The defeat spiralled Brazil into an identity crisis, soon after changing their kit colour from white to the yellow we know so well today.
Sweden 8-0 Cuba (1938)
Currently ranked 166th in the world, just above Bermuda and Chinese Taipei, Cuba are anything but a major player on the international scene. This was similarly the case way back in the nineteen-thirties.
Which meant that qualifying for that summer’s World Cup was a feat in itself, and when the Cubans opened their account with a victory over Romania – secured via a replay – a story for the ages was beginning to emerge.
Regrettably, the pen ran dry on that story the moment they were paired with Sweden, a considerable presence in world football until they fell away in the Sixties.
Cuba’s second and last appearance at a World Cup finals proved to be a horrible mismatch that saw Harry Andersson and Gustav Wetterstrom each grab a hat-trick.
Yugoslavia 9-0 Zaire (1974)
It feels immensely unfair to gloss over a nine-goal hammering and the victorious team who executed it but the really fascinating story lies with Zaire.
The first African nation to reach a World Cup finals found themselves under-estimated and patronised on reaching Germany and determined to prove a point they duly tore into Scotland in their opening fixture, showcasing their buccaneering, attacking football.
They were ultimately unlucky to lose 2-0. It is at this point alas when things turned hopelessly awry.
Delighted at ‘his’ team’s performance, the feared dictator Mobutu sent over a huge fund of money, for anything the players needed, as well as flying over a small army of government officials to ‘help’ them.
Unfortunately these officials only helped themselves to the money, every cent of it. Included in the fund was the player’s wages and bonuses.
Unpaid, feeling ripped off and utterly demoralised, the Zaire team went out and played shambolically against Yugoslavia. Was it in protest? It very possibly was.
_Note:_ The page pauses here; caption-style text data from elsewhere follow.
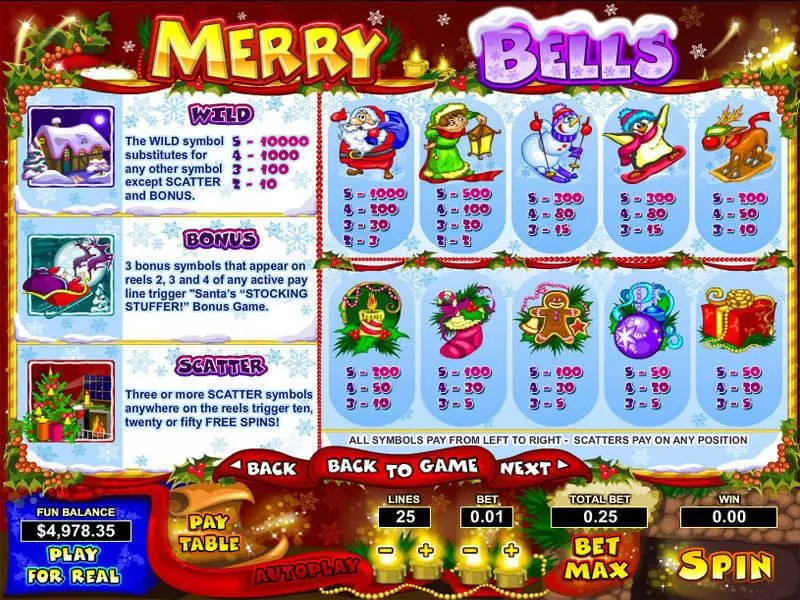 Merry Bells Slots Topgame Free Spins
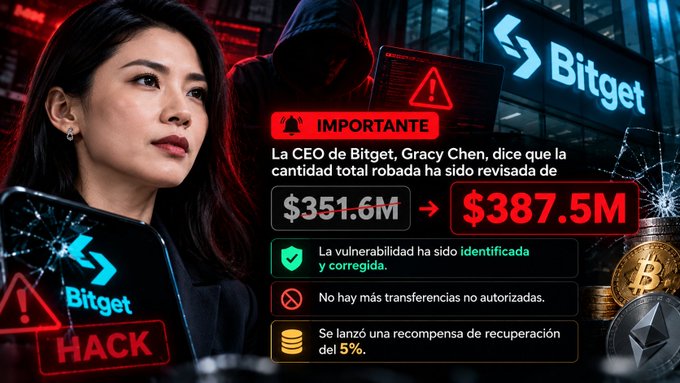 A graphic features Bitget CEO Gracy Chen alongside text stating that the total stolen amount was revised from $351.6M to $387.5M, with the vulnerability identified and patched, no further unauthorized transfers, and a recovery bounty of 5% launched.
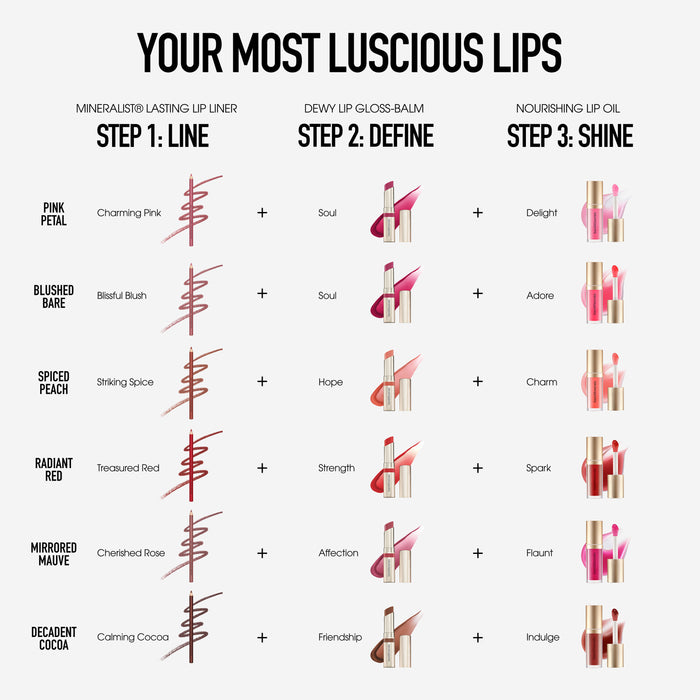 Nourishing Lip Oil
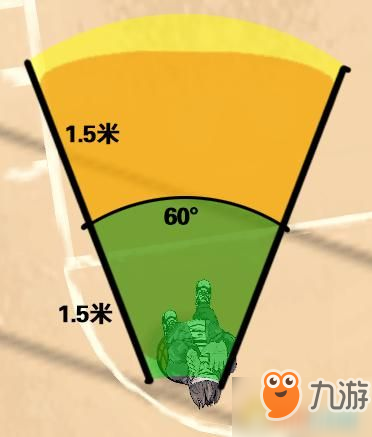 街頭籃球手游如何做好防守介紹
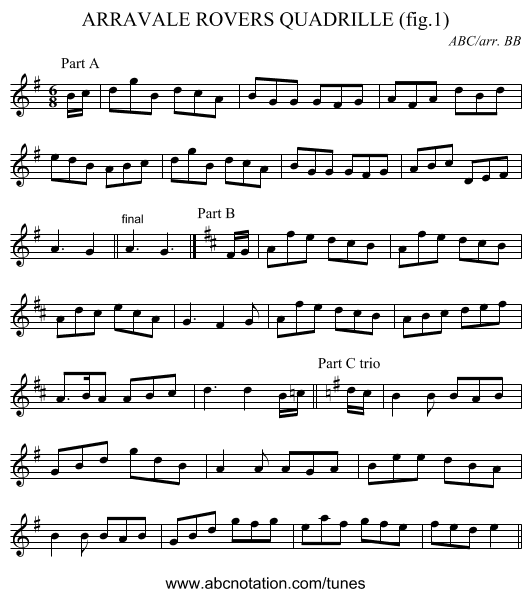 ARRAVALE ROVERS QUADRILLE (fig.1) - staff notation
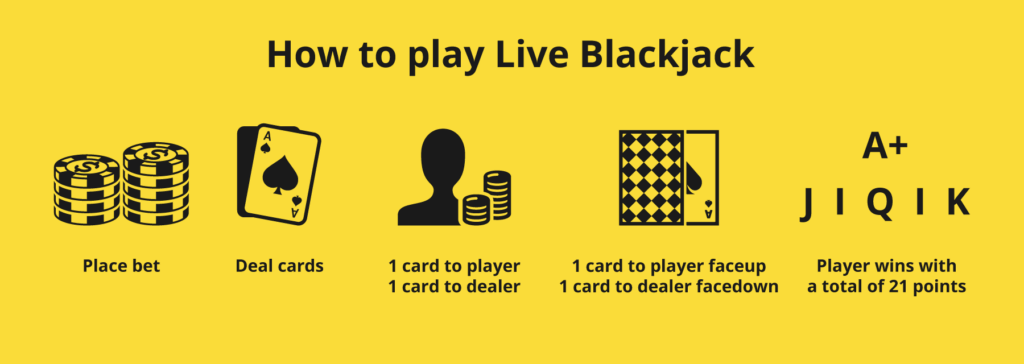 How to play live blackjack banner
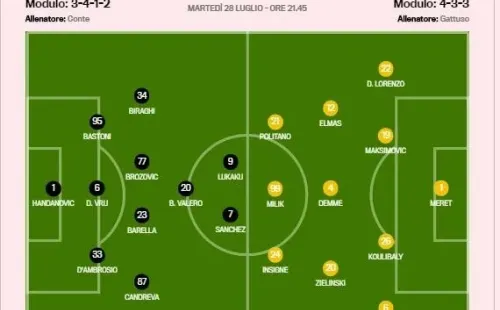 Alexis Sánchez fue ratificado entre los titulares del Inter de Milán para recibir al Napoli (Gazzetta)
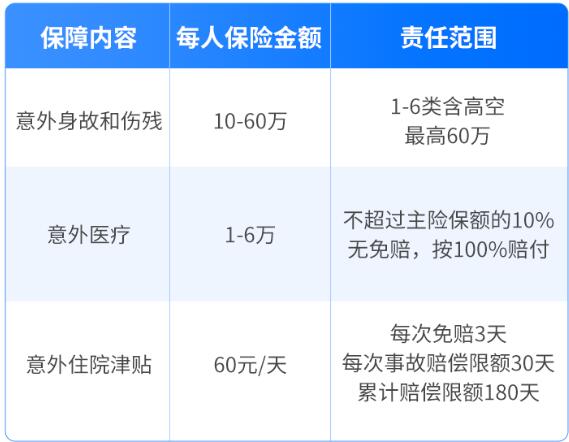 太平洋团体意外险2023版，支持1-6类投保，最高保额高达60万公司必备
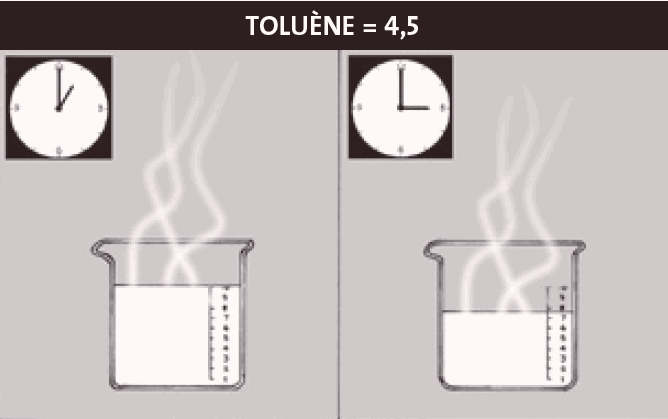 Toluène=4,5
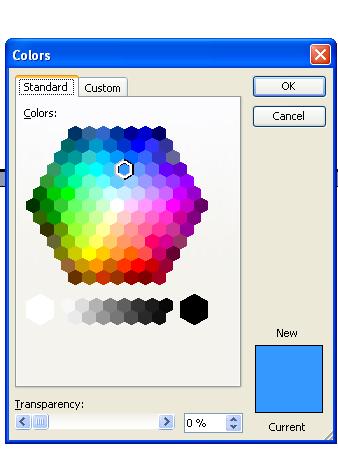 Make main colour Visit main colour TABLE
Hungary 9-0 South Korea (1954)
The football odds were short indeed on Hungary claiming the 1954 World Cup.
They were, after all, by some considerable distance, the best team on the planet at the time, known to some as the ‘Golden Team’. To others they were the ‘Mighty Magyars’.
In Ferenc Puskas they possessed a slightly portly, bona fide genius while striker Sandor Kocsis wasn’t half bad either, going on to establish himself as a superstar at Barcelona.
Moreover, their tactics, and the manner in which they deployed them, were little short of futuristic.
A year earlier, they had gone to Wembley and made an England team featuring Billy Wright and Stanley Matthews look like a relic of the past, thrashing them 6-3.
Putting this majestic collection of players up against South Korea therefore just didn’t seem fair. It was David vs Goliath but Goliath had the slingshot and stones.
In their next match, Hungary pulverised Germany eight goals to three but ultimately lost to the same side in the final in the ‘Miracle of Bern’.
Hungary 10-1 El Salvador (1982)
To compare the Hungary side of the early Eighties to their nineteen-fifties predecessors is to compare a pub band to the Beatles.
Furthermore, even by their modern standards, this was a team past its best, with aging players on the decline.
Pertinently, they would go on to lose to Argentina and draw with Belgium, exiting alongside El Salvador in the group stage.
Does the record-breaking score-line therefore reflect how atypically brilliant Hungary were on this particular day? Or how terrible the Central American outsiders were?
All we know is that fitness absolutely played a part, with Hungary firing seven of their goals in the second period.
And oddly, 10-1 always sounds significantly worse than 10-0.